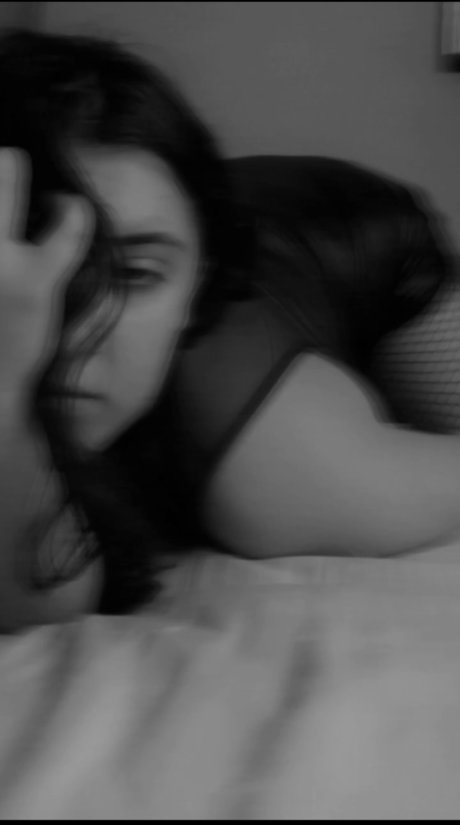 Photo nue de fuite OnlyFans de Mia Amaral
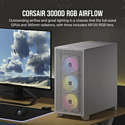 Corsair 3000D RGB Airflow CC-9011256-WW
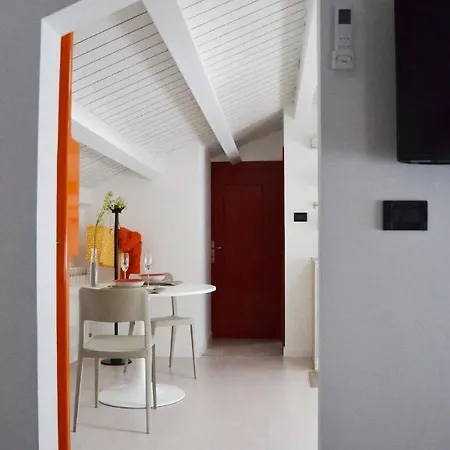 Apartment Alto Adriatico *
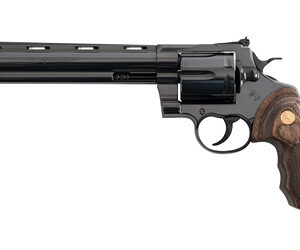 COLT ANACONDA 44MAG 8" 6RD BLUED
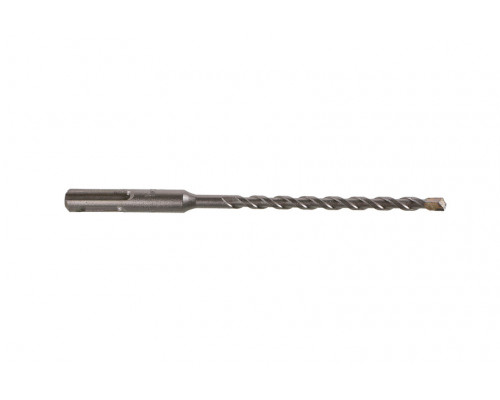 Бур SDS+ 6х160 мм Hanskonner H9019-F06-160 Бур SDS+ 6х160 мм Hanskonner H9019-F06-160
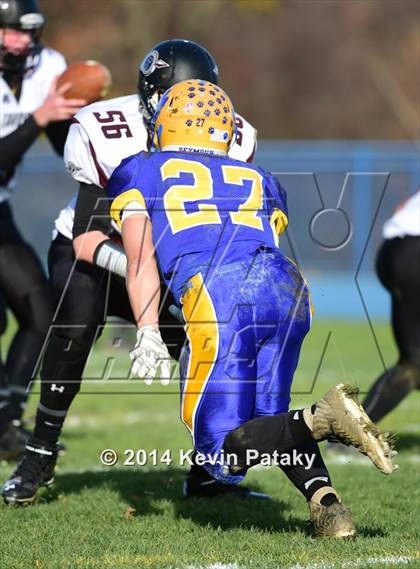 Thumbnail 2 in Torrington @ Seymour photogallery.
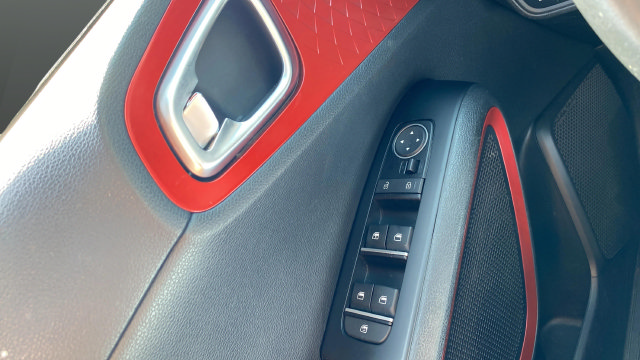 Used 2023 Kia Soul GT-Line w/ GT-Line Technology Package FWD image 16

==*==

**AIM OF THE EXERCISE:** Go to the line that contains "Бур SDS+ 6х160 мм Hanskonner H9019-F06-160 Бур" and copy it and every line after it through the end of the entries, exactly, without the pictures.

**TASK SOLUTION:**
 Бур SDS+ 6х160 мм Hanskonner H9019-F06-160 Бур SDS+ 6х160 мм Hanskonner H9019-F06-160
 Thumbnail 2 in Torrington @ Seymour photogallery.
 Used 2023 Kia Soul GT-Line w/ GT-Line Technology Package FWD image 16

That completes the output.